= Your instructions =
In full and without alteration, return the records below.

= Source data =
--

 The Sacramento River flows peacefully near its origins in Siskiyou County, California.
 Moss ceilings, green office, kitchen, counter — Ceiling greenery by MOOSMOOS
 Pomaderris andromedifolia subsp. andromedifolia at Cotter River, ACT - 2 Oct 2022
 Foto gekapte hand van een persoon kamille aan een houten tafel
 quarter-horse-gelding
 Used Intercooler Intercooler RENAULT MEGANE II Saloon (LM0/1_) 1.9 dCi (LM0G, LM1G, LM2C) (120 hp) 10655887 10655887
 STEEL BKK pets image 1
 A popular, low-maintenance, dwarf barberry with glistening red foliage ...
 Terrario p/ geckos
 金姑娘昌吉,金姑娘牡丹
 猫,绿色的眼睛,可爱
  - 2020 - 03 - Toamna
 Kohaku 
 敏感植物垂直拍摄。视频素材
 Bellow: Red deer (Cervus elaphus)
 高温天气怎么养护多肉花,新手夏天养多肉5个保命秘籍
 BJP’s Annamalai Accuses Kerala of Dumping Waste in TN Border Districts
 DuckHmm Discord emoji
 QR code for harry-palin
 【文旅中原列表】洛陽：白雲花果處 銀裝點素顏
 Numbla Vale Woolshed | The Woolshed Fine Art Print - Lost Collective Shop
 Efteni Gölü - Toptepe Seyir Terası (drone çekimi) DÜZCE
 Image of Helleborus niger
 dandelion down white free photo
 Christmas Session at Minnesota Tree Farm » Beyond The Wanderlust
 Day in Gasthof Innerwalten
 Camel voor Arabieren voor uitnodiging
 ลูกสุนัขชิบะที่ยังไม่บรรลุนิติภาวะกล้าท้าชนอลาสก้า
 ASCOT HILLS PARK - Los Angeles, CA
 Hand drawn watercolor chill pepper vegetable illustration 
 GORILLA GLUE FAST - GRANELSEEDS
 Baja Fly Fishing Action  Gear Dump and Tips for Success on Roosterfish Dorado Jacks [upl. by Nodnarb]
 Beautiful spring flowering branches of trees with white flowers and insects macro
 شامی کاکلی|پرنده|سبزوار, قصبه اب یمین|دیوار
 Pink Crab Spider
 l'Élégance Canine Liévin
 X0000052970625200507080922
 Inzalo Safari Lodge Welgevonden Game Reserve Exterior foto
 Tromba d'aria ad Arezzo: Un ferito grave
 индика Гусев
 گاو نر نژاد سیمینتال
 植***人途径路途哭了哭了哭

--

= Solution to the exercise =
 The Sacramento River flows peacefully near its origins in Siskiyou County, California.
 Moss ceilings, green office, kitchen, counter — Ceiling greenery by MOOSMOOS
 Pomaderris andromedifolia subsp. andromedifolia at Cotter River, ACT - 2 Oct 2022
 Foto gekapte hand van een persoon kamille aan een houten tafel
 quarter-horse-gelding
 Used Intercooler Intercooler RENAULT MEGANE II Saloon (LM0/1_) 1.9 dCi (LM0G, LM1G, LM2C) (120 hp) 10655887 10655887
 STEEL BKK pets image 1
 A popular, low-maintenance, dwarf barberry with glistening red foliage ...
 Terrario p/ geckos
 金姑娘昌吉,金姑娘牡丹
 猫,绿色的眼睛,可爱
  - 2020 - 03 - Toamna
 Kohaku 
 敏感植物垂直拍摄。视频素材
 Bellow: Red deer (Cervus elaphus)
 高温天气怎么养护多肉花,新手夏天养多肉5个保命秘籍
 BJP’s Annamalai Accuses Kerala of Dumping Waste in TN Border Districts
 DuckHmm Discord emoji
 QR code for harry-palin
 【文旅中原列表】洛陽：白雲花果處 銀裝點素顏
 Numbla Vale Woolshed | The Woolshed Fine Art Print - Lost Collective Shop
 Efteni Gölü - Toptepe Seyir Terası (drone çekimi) DÜZCE
 Image of Helleborus niger
 dandelion down white free photo
 Christmas Session at Minnesota Tree Farm » Beyond The Wanderlust
 Day in Gasthof Innerwalten
 Camel voor Arabieren voor uitnodiging
 ลูกสุนัขชิบะที่ยังไม่บรรลุนิติภาวะกล้าท้าชนอลาสก้า
 ASCOT HILLS PARK - Los Angeles, CA
 Hand drawn watercolor chill pepper vegetable illustration 
 GORILLA GLUE FAST - GRANELSEEDS
 Baja Fly Fishing Action  Gear Dump and Tips for Success on Roosterfish Dorado Jacks [upl. by Nodnarb]
 Beautiful spring flowering branches of trees with white flowers and insects macro
 شامی کاکلی|پرنده|سبزوار, قصبه اب یمین|دیوار
 Pink Crab Spider
 l'Élégance Canine Liévin
 X0000052970625200507080922
 Inzalo Safari Lodge Welgevonden Game Reserve Exterior foto
 Tromba d'aria ad Arezzo: Un ferito grave
 индика Гусев
 گاو نر نژاد سیمینتال
 植***人途径路途哭了哭了哭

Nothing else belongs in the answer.